Beginning with the line that contains "Dooney & Bourke", copy each subsequent line of the data below through the last one, including both ends but not the pictures.

= Beginning of Section =

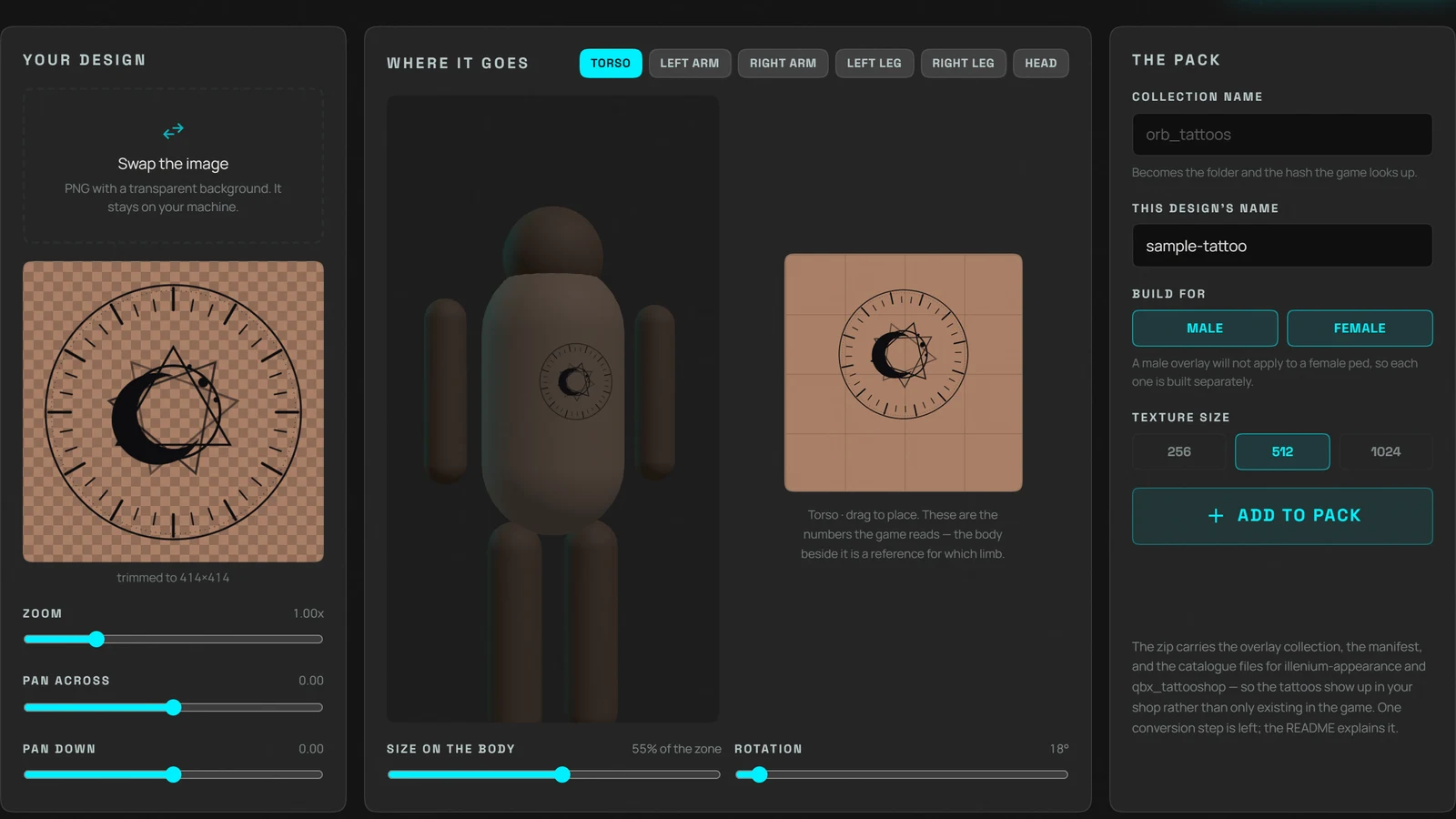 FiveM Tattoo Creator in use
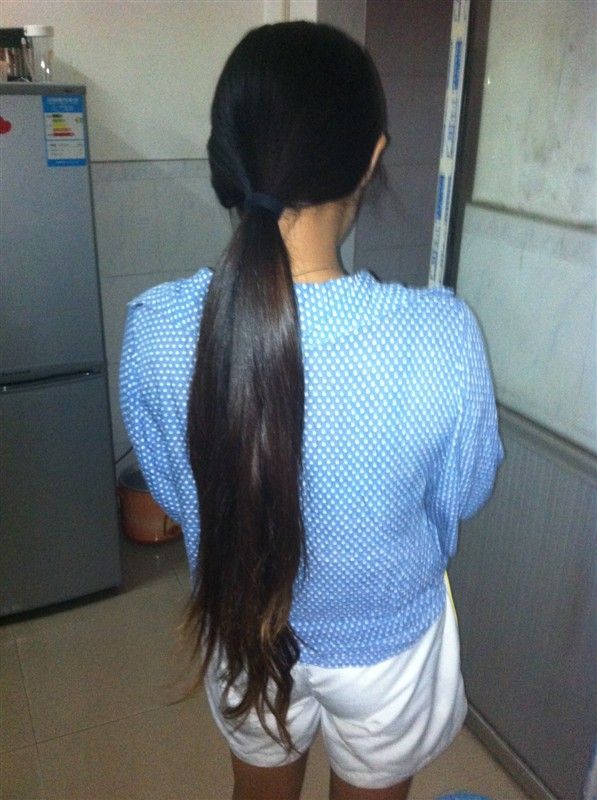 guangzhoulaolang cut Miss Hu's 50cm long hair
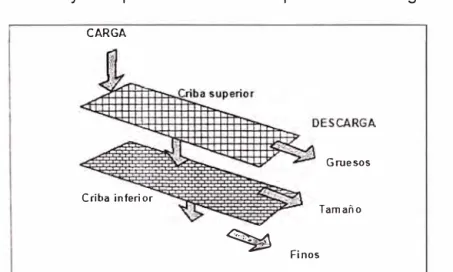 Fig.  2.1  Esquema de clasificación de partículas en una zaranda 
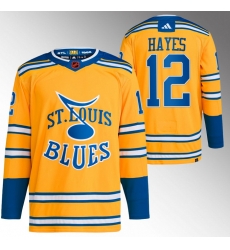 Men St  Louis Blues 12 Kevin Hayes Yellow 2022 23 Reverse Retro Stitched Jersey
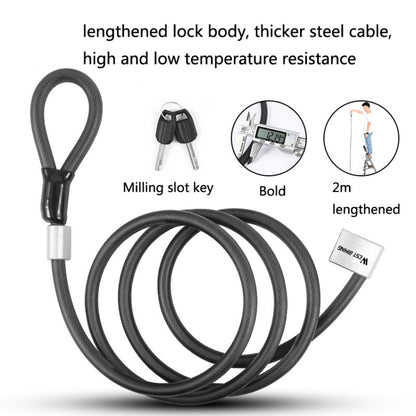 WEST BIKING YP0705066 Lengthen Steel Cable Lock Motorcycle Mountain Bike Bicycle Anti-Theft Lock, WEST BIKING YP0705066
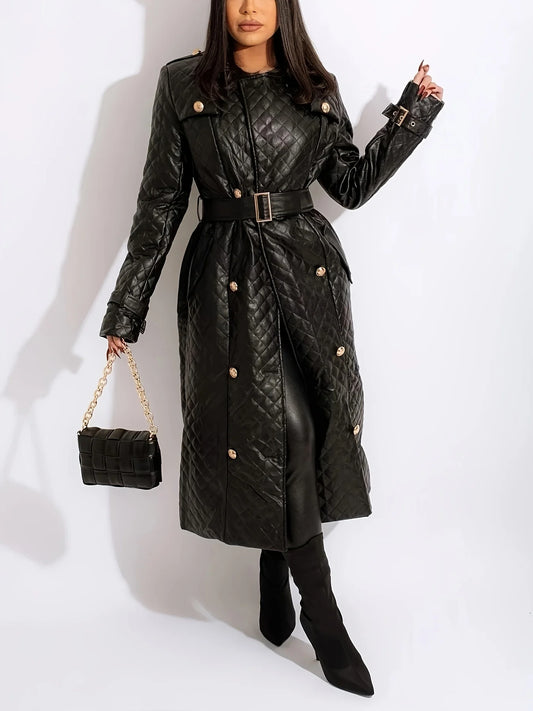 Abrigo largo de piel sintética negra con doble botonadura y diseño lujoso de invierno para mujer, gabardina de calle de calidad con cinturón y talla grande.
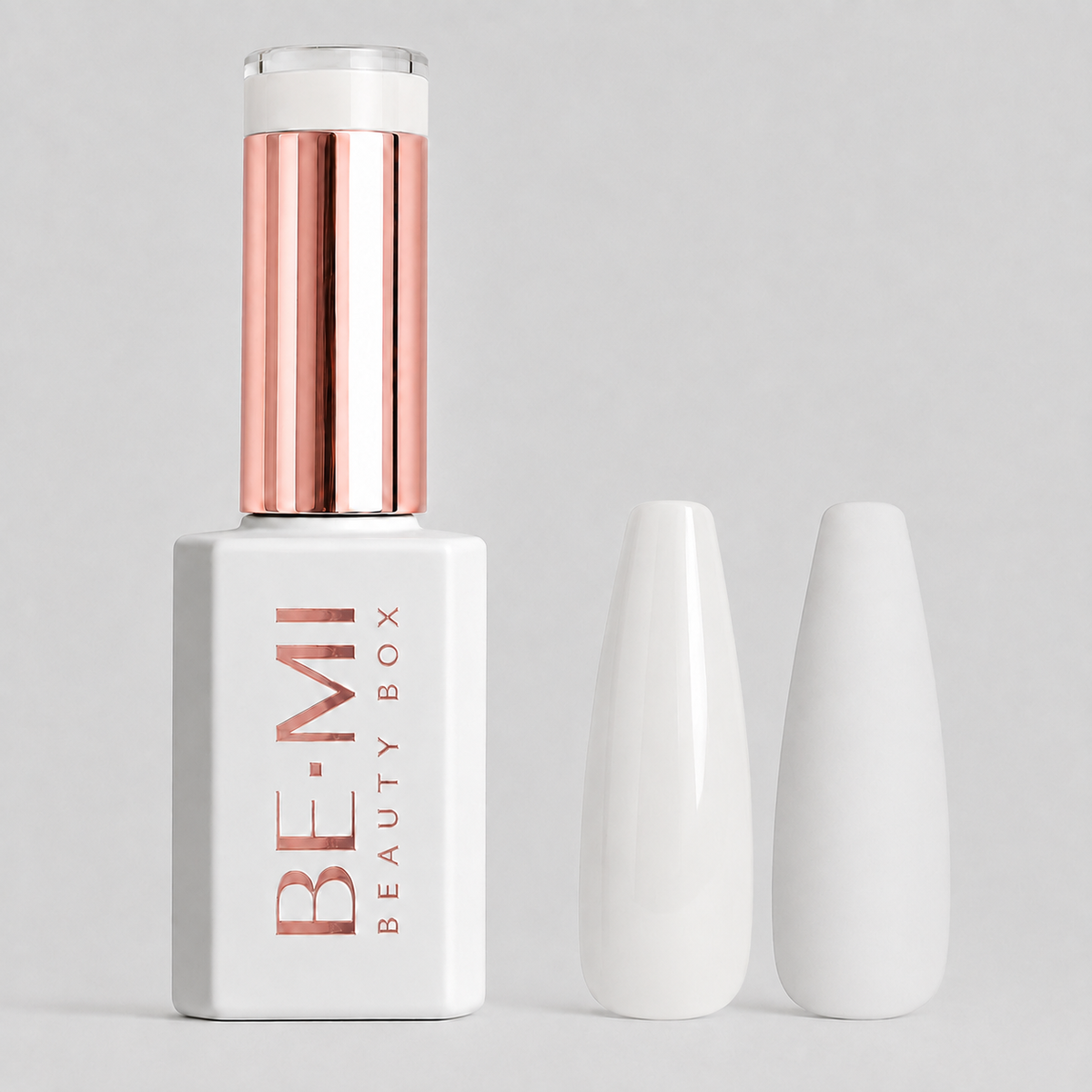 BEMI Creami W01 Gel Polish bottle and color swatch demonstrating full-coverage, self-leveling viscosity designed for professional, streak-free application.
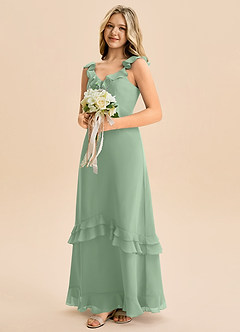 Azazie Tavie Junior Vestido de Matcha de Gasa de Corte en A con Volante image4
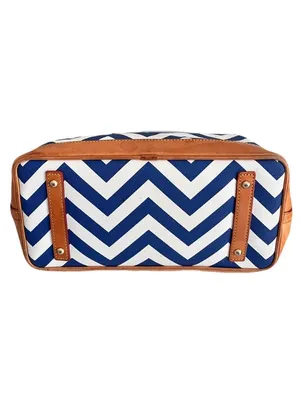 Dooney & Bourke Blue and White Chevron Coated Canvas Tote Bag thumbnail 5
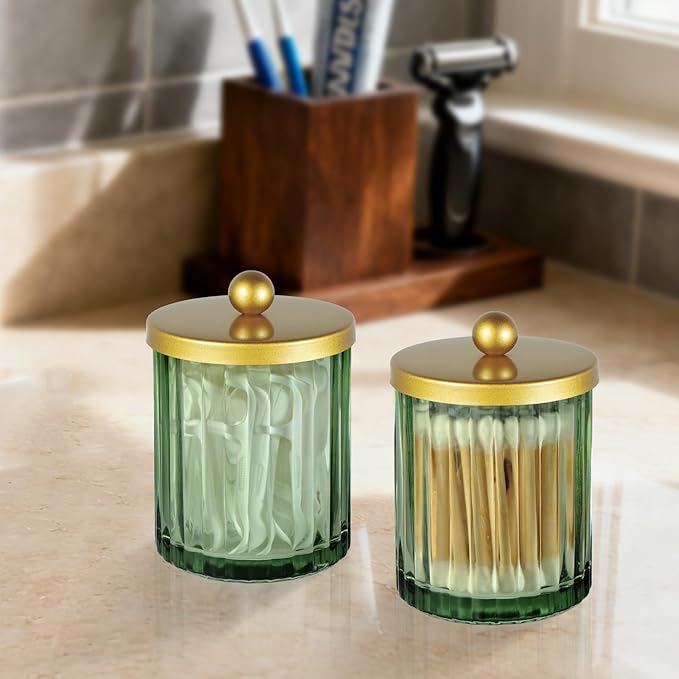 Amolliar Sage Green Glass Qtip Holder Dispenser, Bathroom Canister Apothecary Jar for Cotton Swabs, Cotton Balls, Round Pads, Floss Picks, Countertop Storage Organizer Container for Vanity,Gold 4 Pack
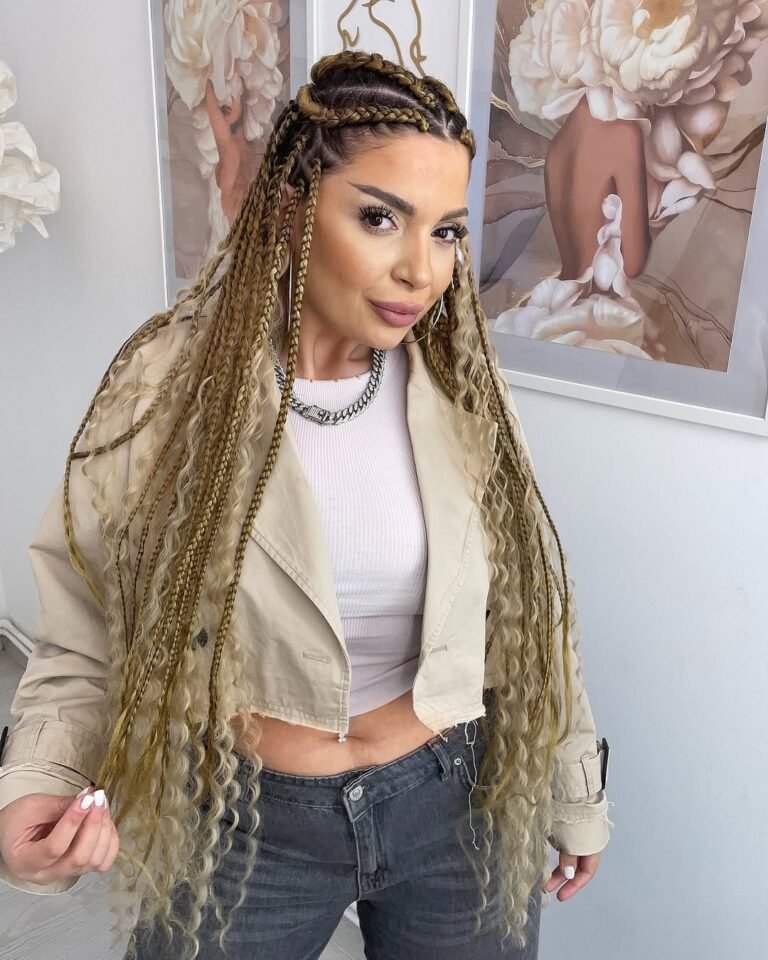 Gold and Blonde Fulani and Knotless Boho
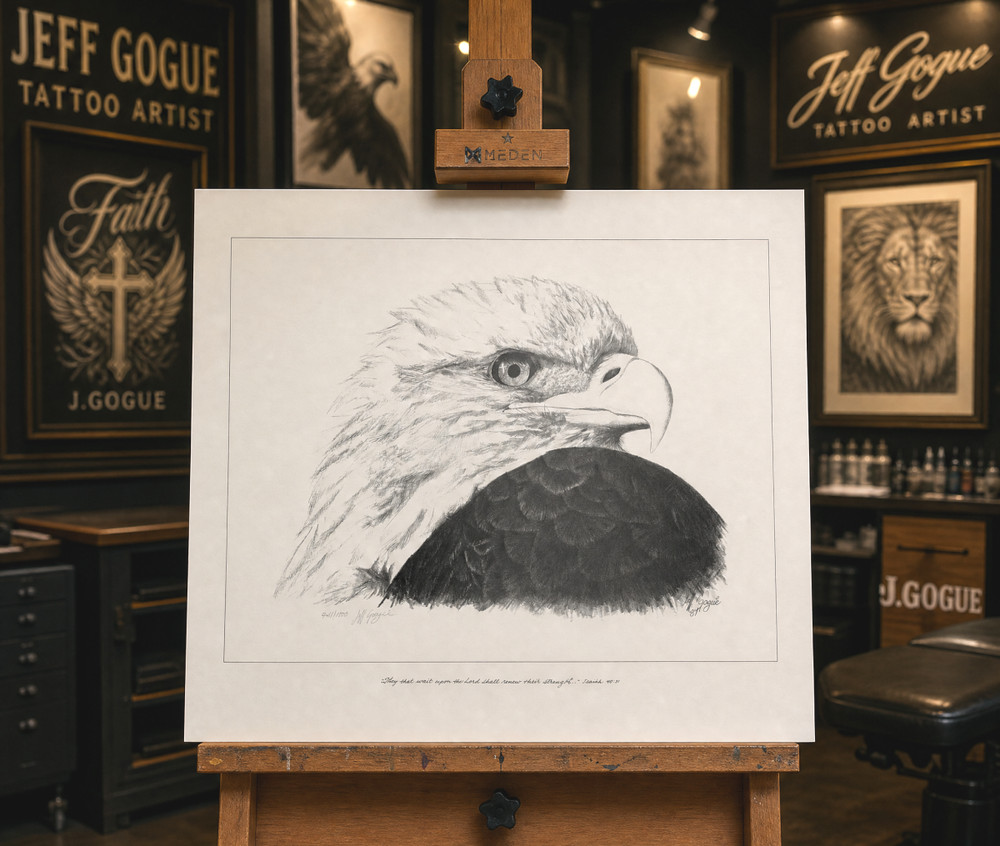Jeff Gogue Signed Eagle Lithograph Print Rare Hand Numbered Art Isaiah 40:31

= End of Section =

Solution below:
 Dooney & Bourke Blue and White Chevron Coated Canvas Tote Bag thumbnail 5
 Amolliar Sage Green Glass Qtip Holder Dispenser, Bathroom Canister Apothecary Jar for Cotton Swabs, Cotton Balls, Round Pads, Floss Picks, Countertop Storage Organizer Container for Vanity,Gold 4 Pack
 Gold and Blonde Fulani and Knotless Boho
Jeff Gogue Signed Eagle Lithograph Print Rare Hand Numbered Art Isaiah 40:31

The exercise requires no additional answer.